◆ **WORK REQUEST**
Give back all of the data exactly, with every picture omitted.

◆ **TASK MATERIAL**
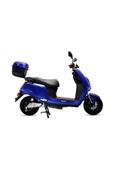 Falcon Elektrikli Motosiklet Leo 6800 Mavi - 1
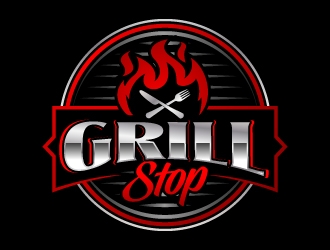Grill Stop logo design by jaize
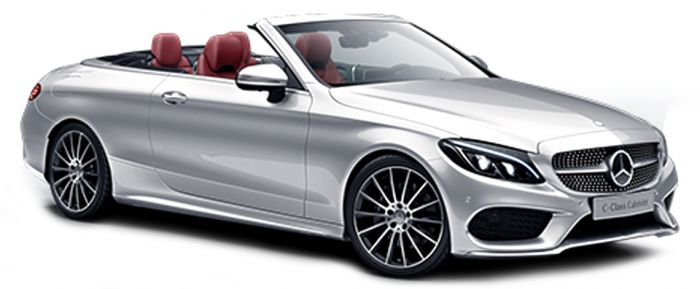 Norev Mercedes-Benz C-Klasse Cabriolet - Modelauto Zetten
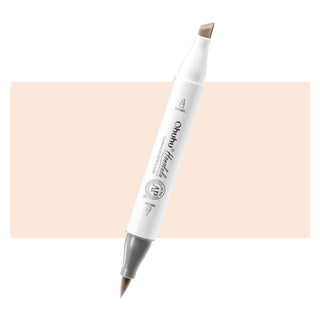 Ohuhu Honolulu WG0.5 / YR02 Individual Marker,Brush & Chisel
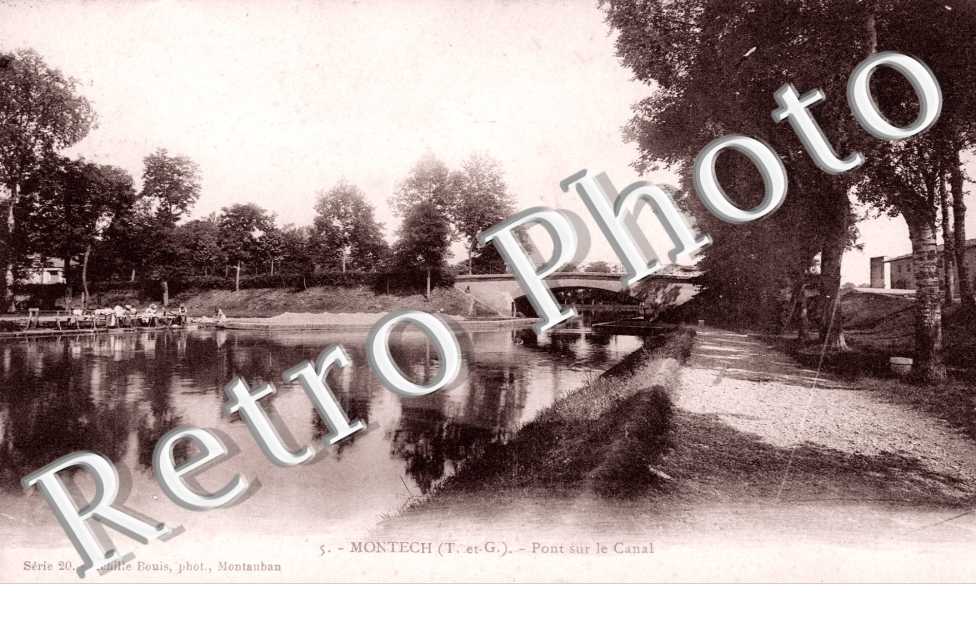 pont sur le canal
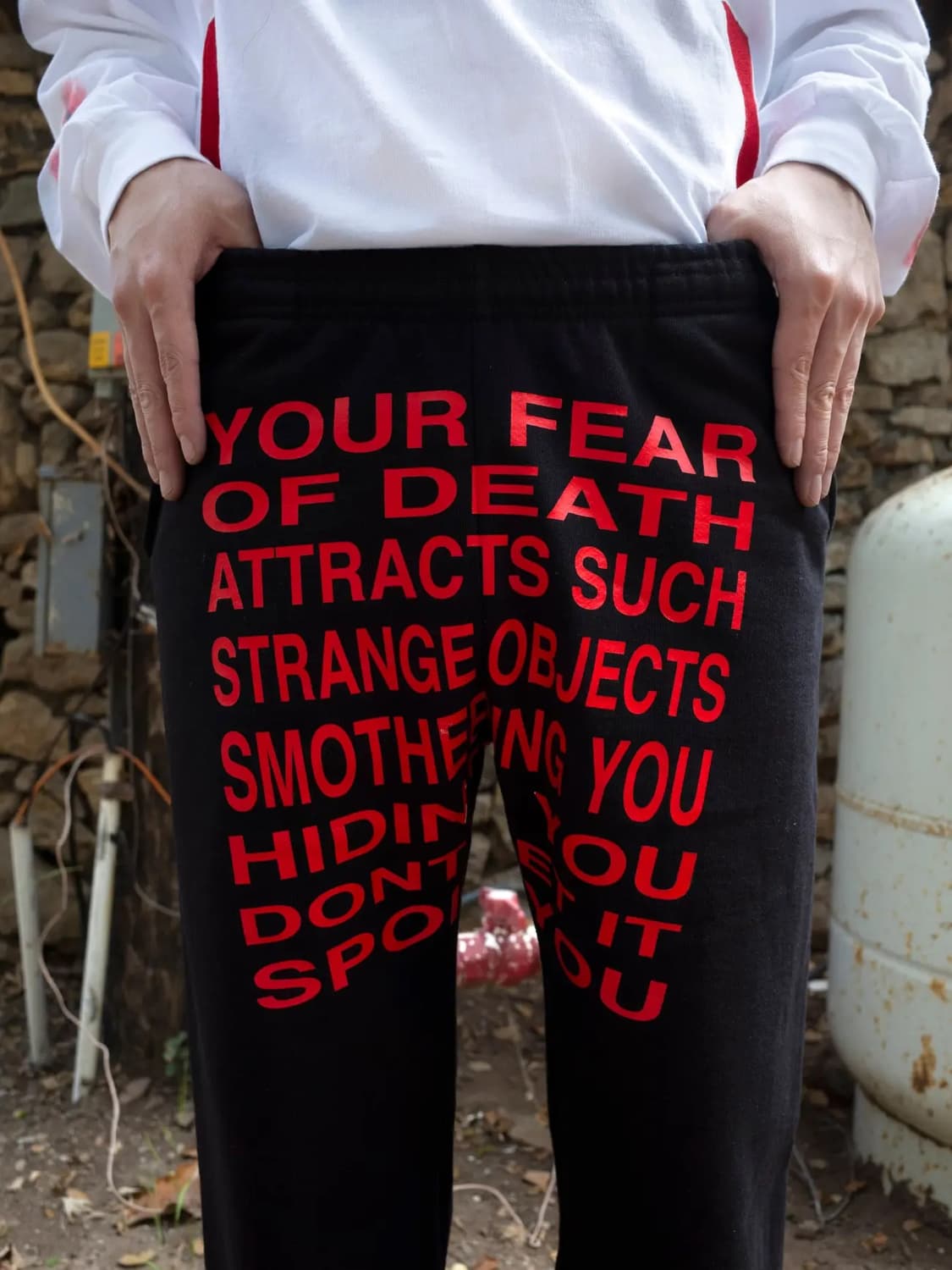 SPOOKY BAUHAUS Lounge Pants L사이즈 상품이미지1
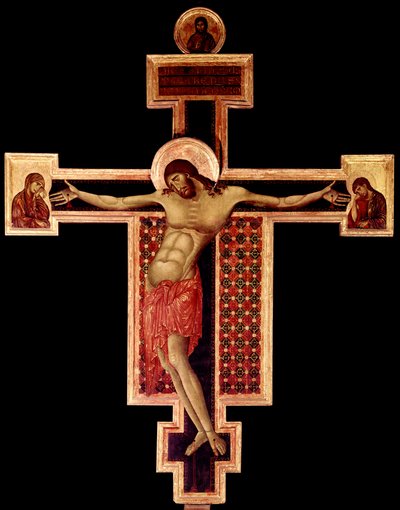 Crucifix by Cimabue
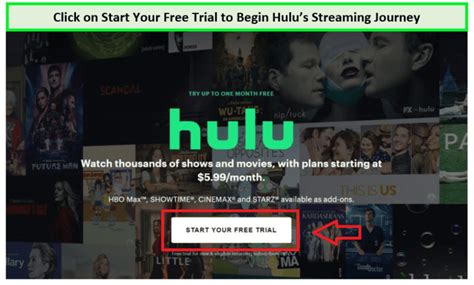 How To Get Hulu Free Trial In 2024 30 Days Free Hulu Streaming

◆ **RESULT OF THE TASK**
 Falcon Elektrikli Motosiklet Leo 6800 Mavi - 1
Grill Stop logo design by jaize
 Norev Mercedes-Benz C-Klasse Cabriolet - Modelauto Zetten
 Ohuhu Honolulu WG0.5 / YR02 Individual Marker,Brush & Chisel
 pont sur le canal
 SPOOKY BAUHAUS Lounge Pants L사이즈 상품이미지1
 Crucifix by Cimabue
 How To Get Hulu Free Trial In 2024 30 Days Free Hulu Streaming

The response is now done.